- **What the exercise asks**:
Where the data below begins, start retyping exactly, and end on the line with "Prodaja, stan, 83m², Igalo, Herceg Novi", which is included; no picture goes in.

- **Stored data**:

_ _ _ _ _ _ _

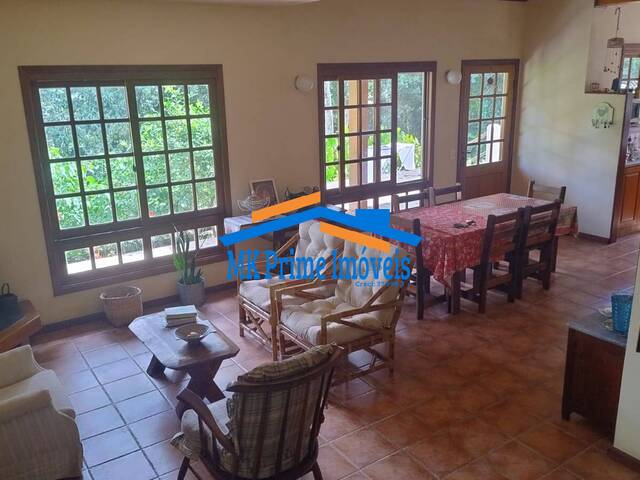 #13004 - Sobrado para Venda em Cotia - SP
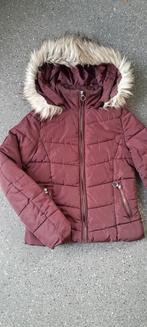 Winterjas Dust ~ maat x small xs ~ puber, Dust, Ophalen of Verzenden, Zo goed als nieuw, Maat 36 (S)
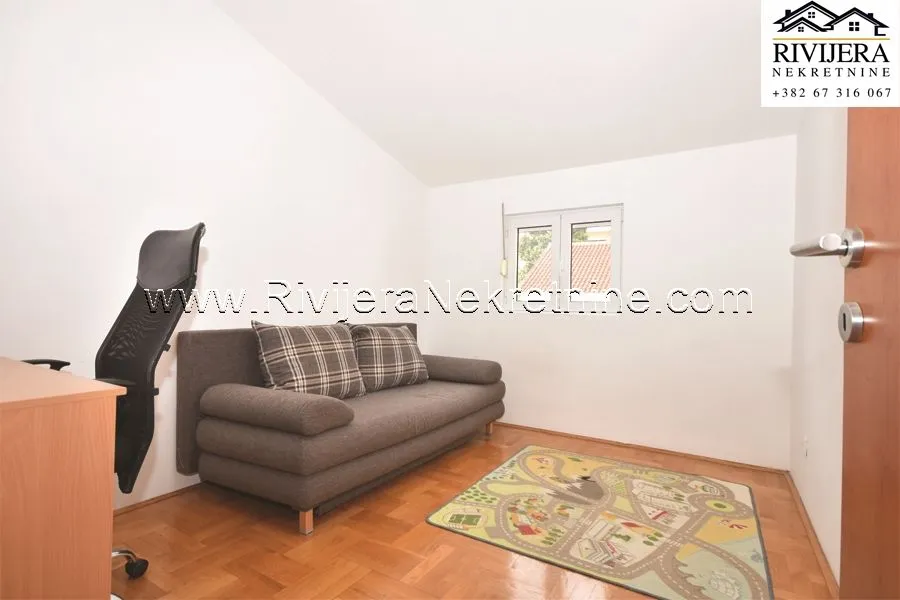 Prodaja, stan, 83m², Igalo, Herceg Novi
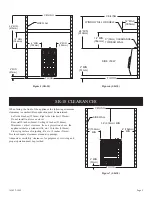 Preview for 9 page of Empire Heating Systems SR-10-3 Installation Instructions And Owner'S Manual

_ _ _ _ _ _ _

- **Expected output**:
 #13004 - Sobrado para Venda em Cotia - SP
 Winterjas Dust ~ maat x small xs ~ puber, Dust, Ophalen of Verzenden, Zo goed als nieuw, Maat 36 (S)
 Prodaja, stan, 83m², Igalo, Herceg Novi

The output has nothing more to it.